12/27/08

Net passes newspapers for news, and for the young, TV too

More Americans are getting their news from the Internet than from newspapers, according to the Pew Research Center for People and the Press. This is the first time the Web has eclipsed print since the study started asking about the Internet in 1999 [pdf].

Television is still the dominant source for news in the U.S., with 70% of respondents saying they got most of their news from TV (down from 74% last year). Forty percent said the Web was their No. 1 source -- up from 24% last year -- and 35% chose newspapers.

Perhaps just as noteworthy was the study's finding that as many young people say they get their news from the Web as TV (both about 59%). That's again way up from September 2007, when only 34% of young people cited the Internet as their news source of choice.

The study didn't ask users to get into specifics about their online news reading, so we don't know how much of the news consumption was done on blogs, aggregators or mainstream news media sites.

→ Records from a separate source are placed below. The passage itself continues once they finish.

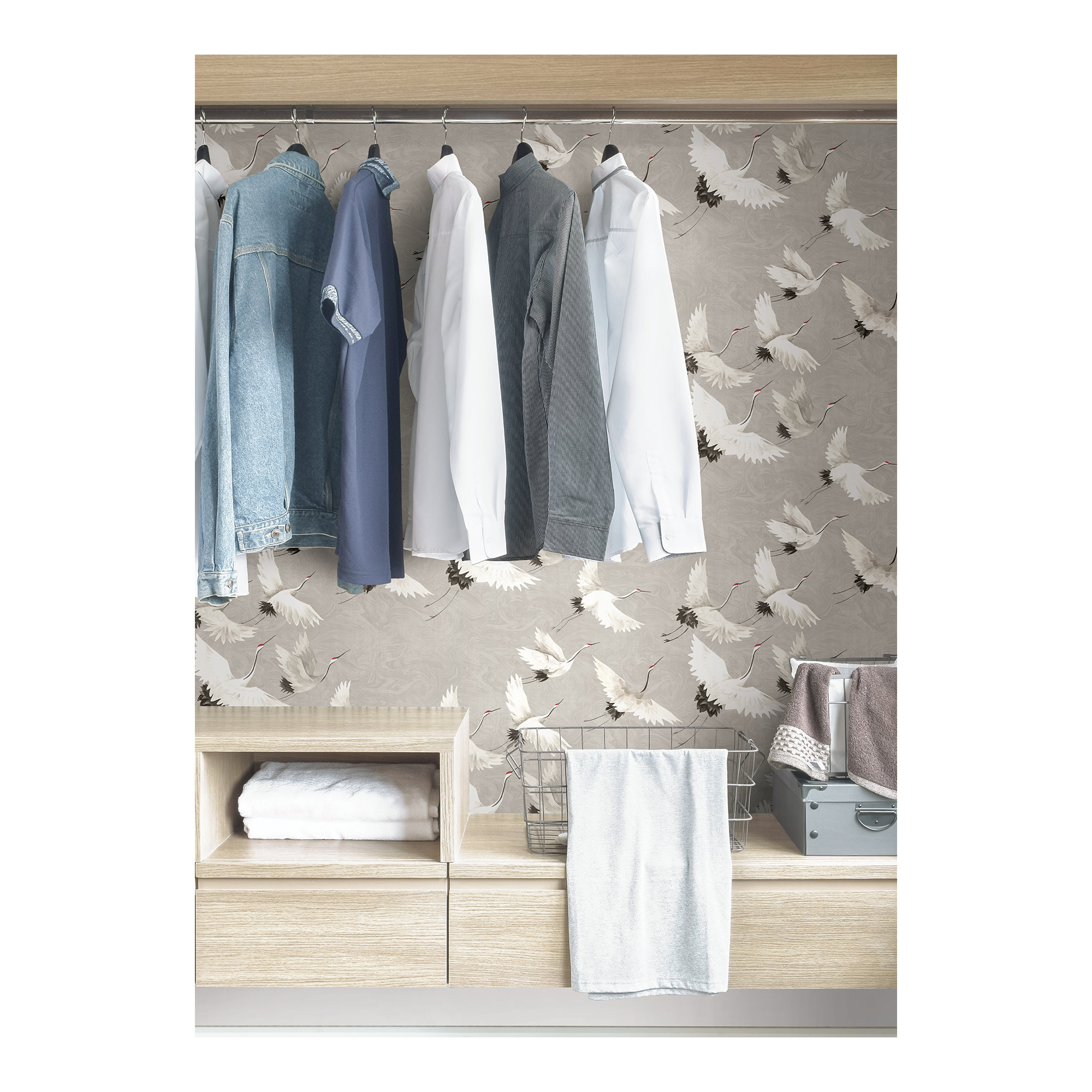 Brynn Modern Peel & Stick Wallpaper, Gray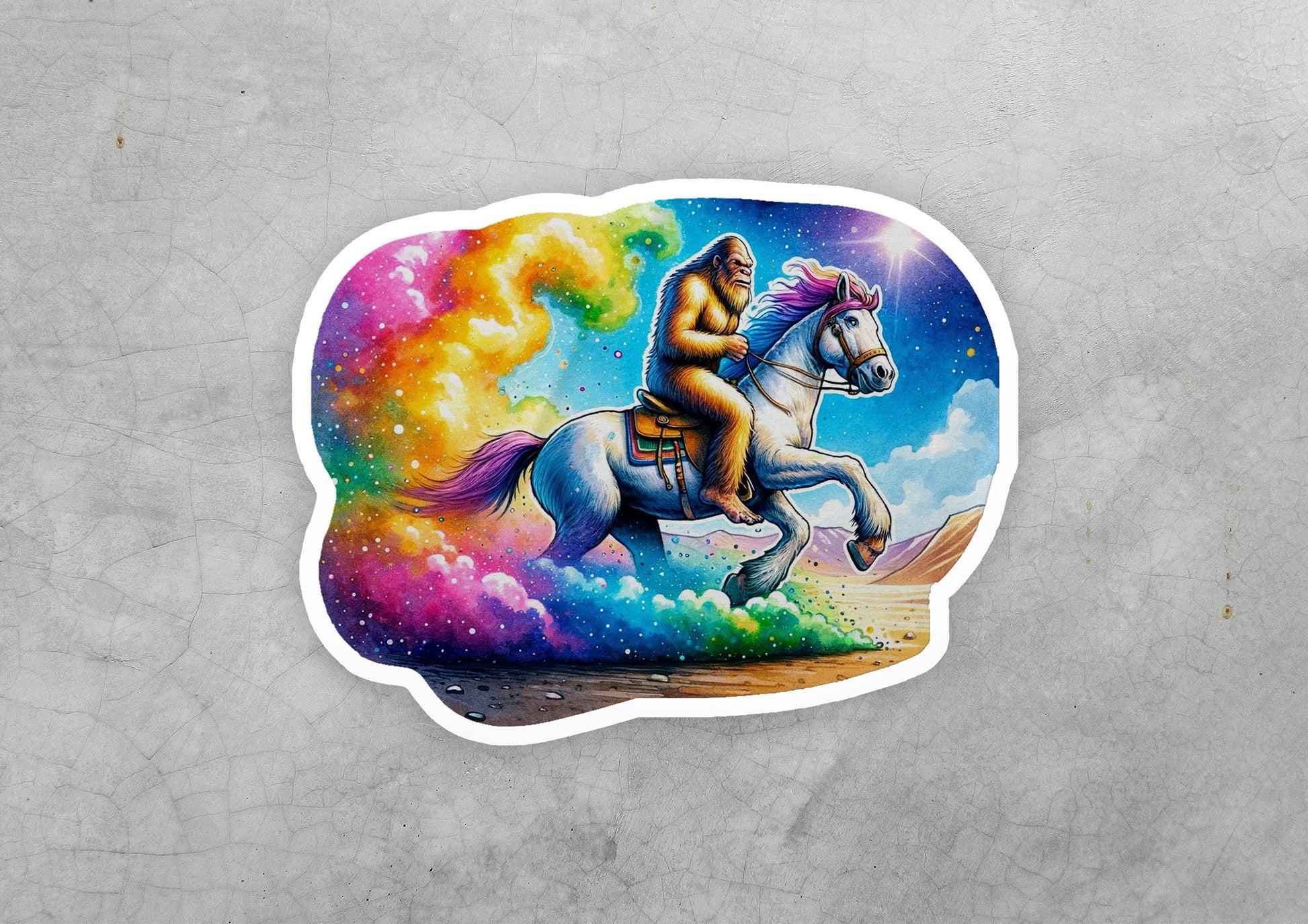 a sticker of a man riding a horse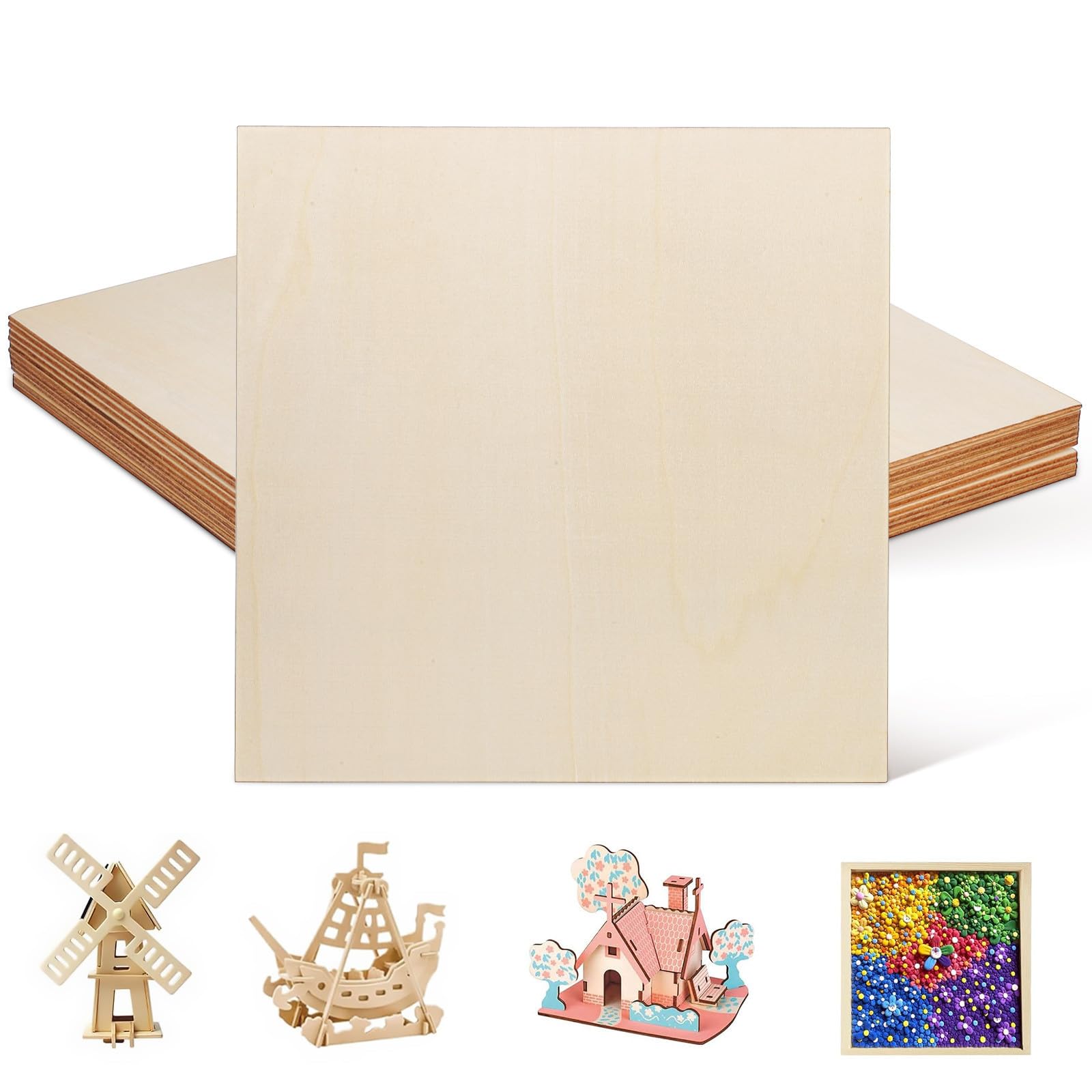 Zerodeko 12 Piezas Base de Madera para Manualidades de Tablones, Beige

The Pew study is another brick in the wall for the physical newspaper, an increasingly obsolete medium that is unlikely to see a resurgence in popularity. By the same token, the study reconfirms that the journalism that's printed in the newspaper is as popular as ever. It's a major conundrum for news organizations. People are increasingly consuming a digital version of their decreasingly popular print product, often in far greater numbers, but the capacity to generate revenue from the online version is still incredibly weak. 

Will the news industry be content to shrink to a size that can be completely supported by online ad revenue? Or will the industry get smart and work on a technological solution -- a next-generation pay system that will ask users to give a little back for the information they're receiving?